=== Section Start ===

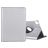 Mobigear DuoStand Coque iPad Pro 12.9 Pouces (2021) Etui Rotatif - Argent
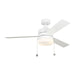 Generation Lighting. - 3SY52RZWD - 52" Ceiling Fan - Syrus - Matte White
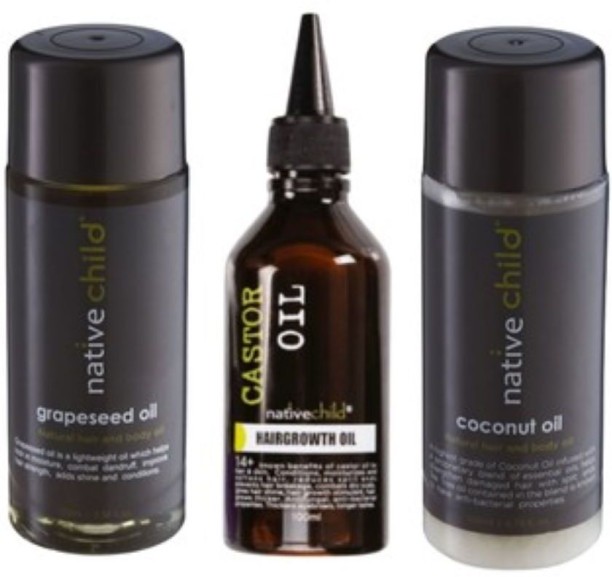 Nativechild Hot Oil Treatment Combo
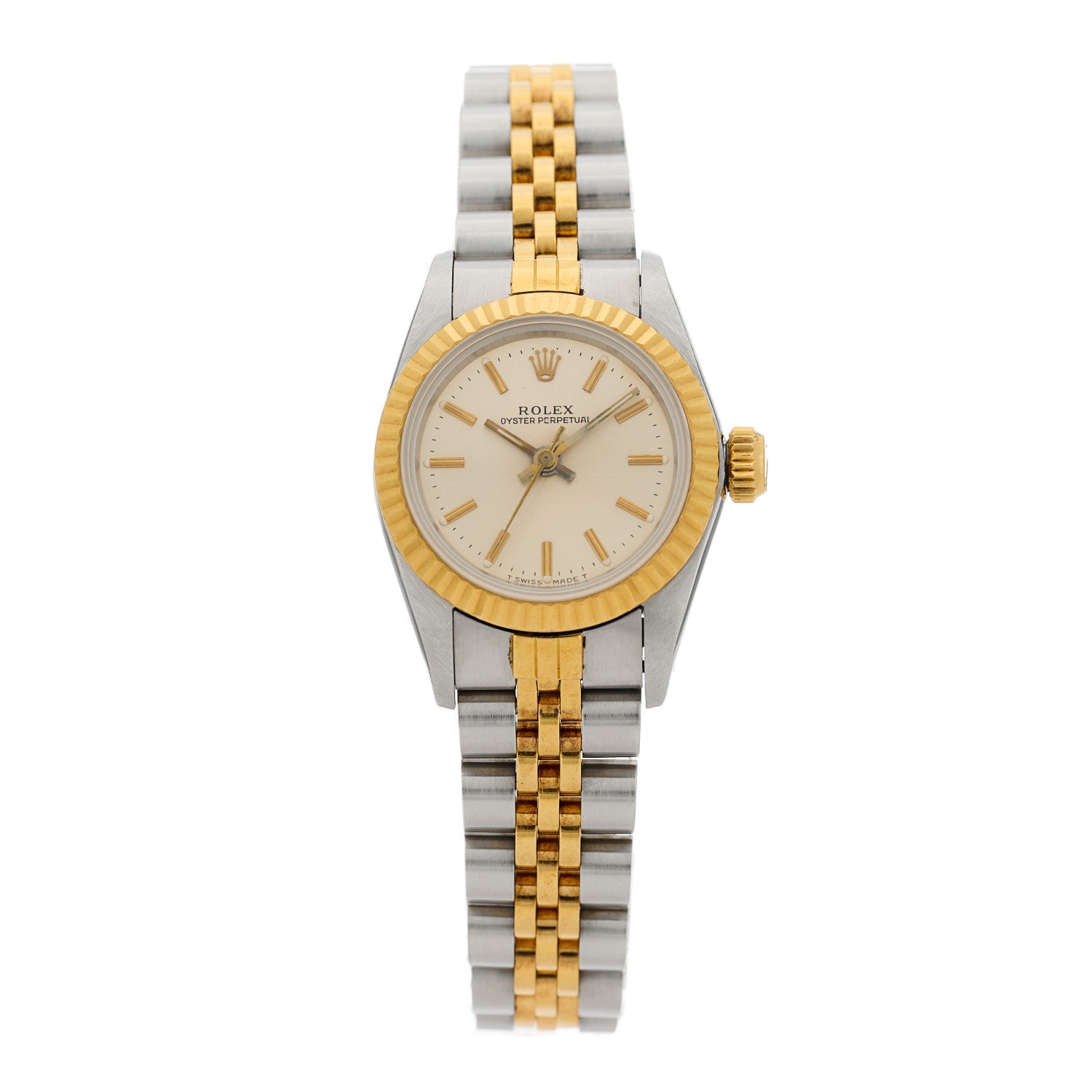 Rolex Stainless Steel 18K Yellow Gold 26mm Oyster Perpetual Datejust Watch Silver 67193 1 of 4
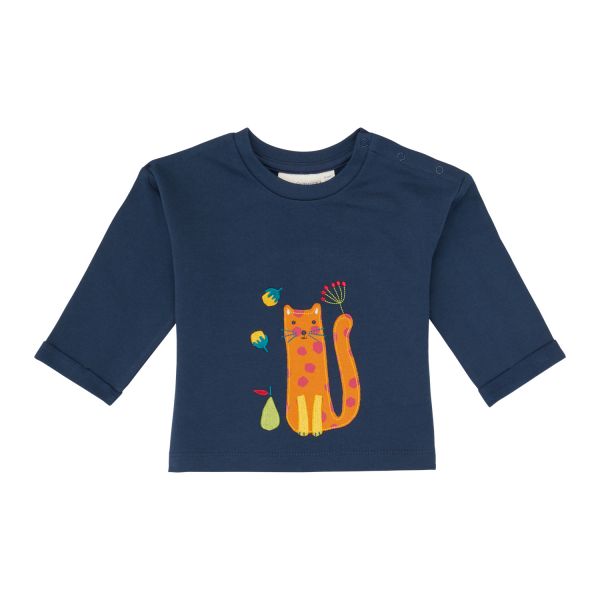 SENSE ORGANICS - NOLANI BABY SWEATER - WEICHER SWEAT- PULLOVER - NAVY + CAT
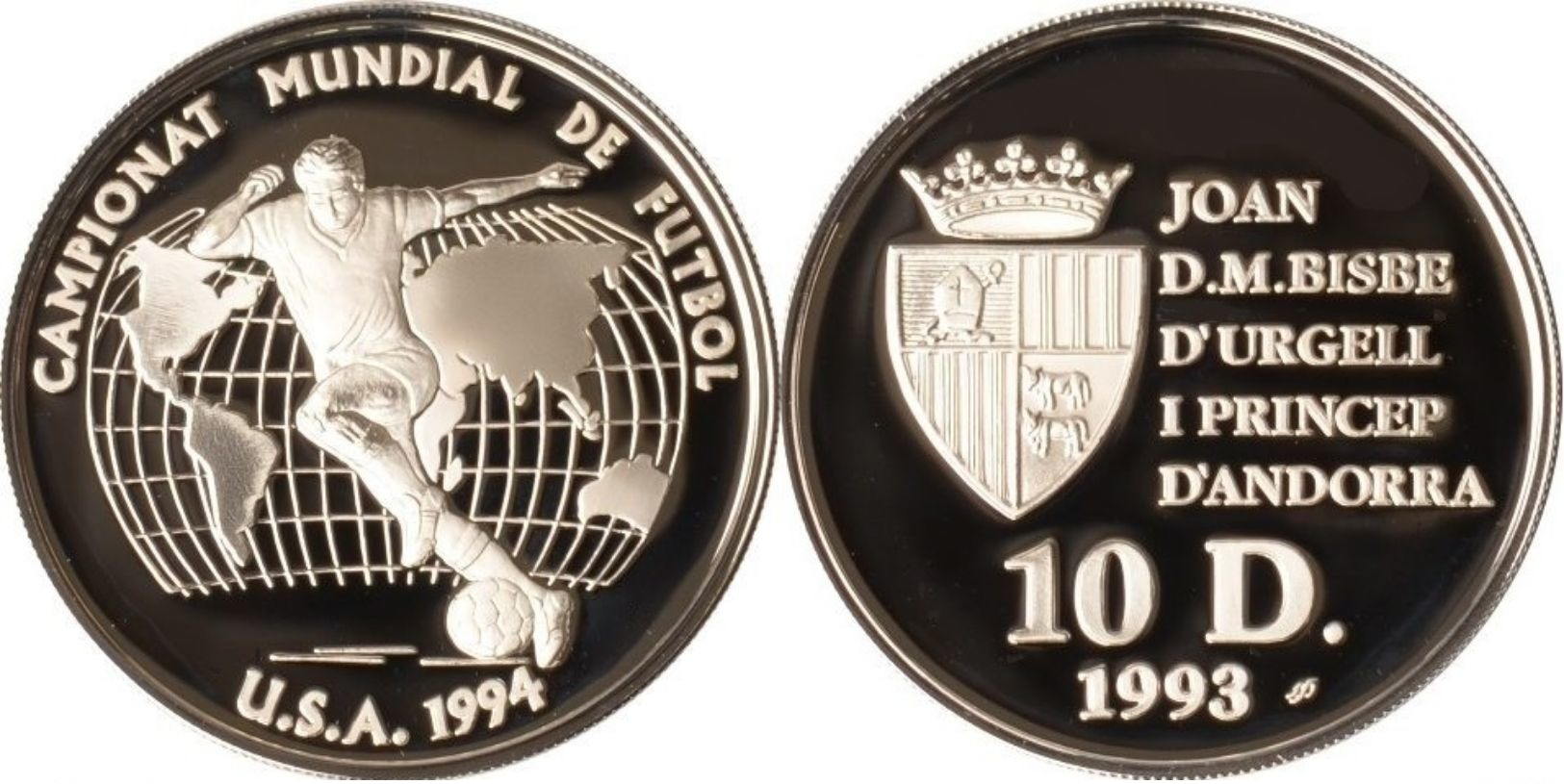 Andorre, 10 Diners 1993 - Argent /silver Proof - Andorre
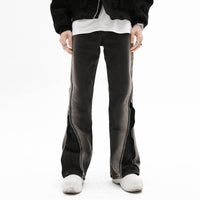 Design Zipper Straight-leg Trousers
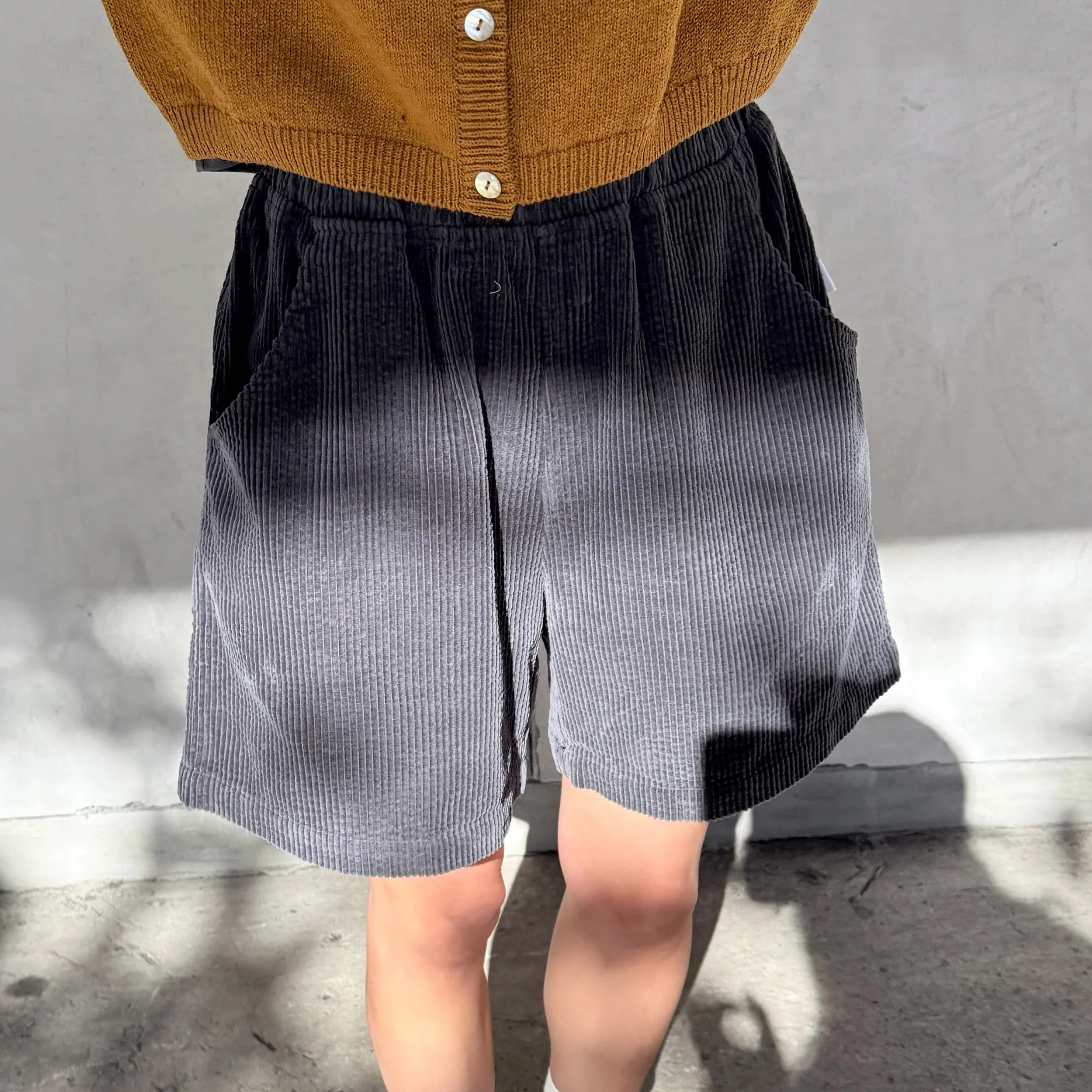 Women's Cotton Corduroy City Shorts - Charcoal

=== Section End ===

What to produce.
Return the entries verbatim, pictures excluded.

Answer.
 Mobigear DuoStand Coque iPad Pro 12.9 Pouces (2021) Etui Rotatif - Argent
 Generation Lighting. - 3SY52RZWD - 52" Ceiling Fan - Syrus - Matte White
 Nativechild Hot Oil Treatment Combo
 Rolex Stainless Steel 18K Yellow Gold 26mm Oyster Perpetual Datejust Watch Silver 67193 1 of 4
 SENSE ORGANICS - NOLANI BABY SWEATER - WEICHER SWEAT- PULLOVER - NAVY + CAT
 Andorre, 10 Diners 1993 - Argent /silver Proof - Andorre
 Design Zipper Straight-leg Trousers
 Women's Cotton Corduroy City Shorts - Charcoal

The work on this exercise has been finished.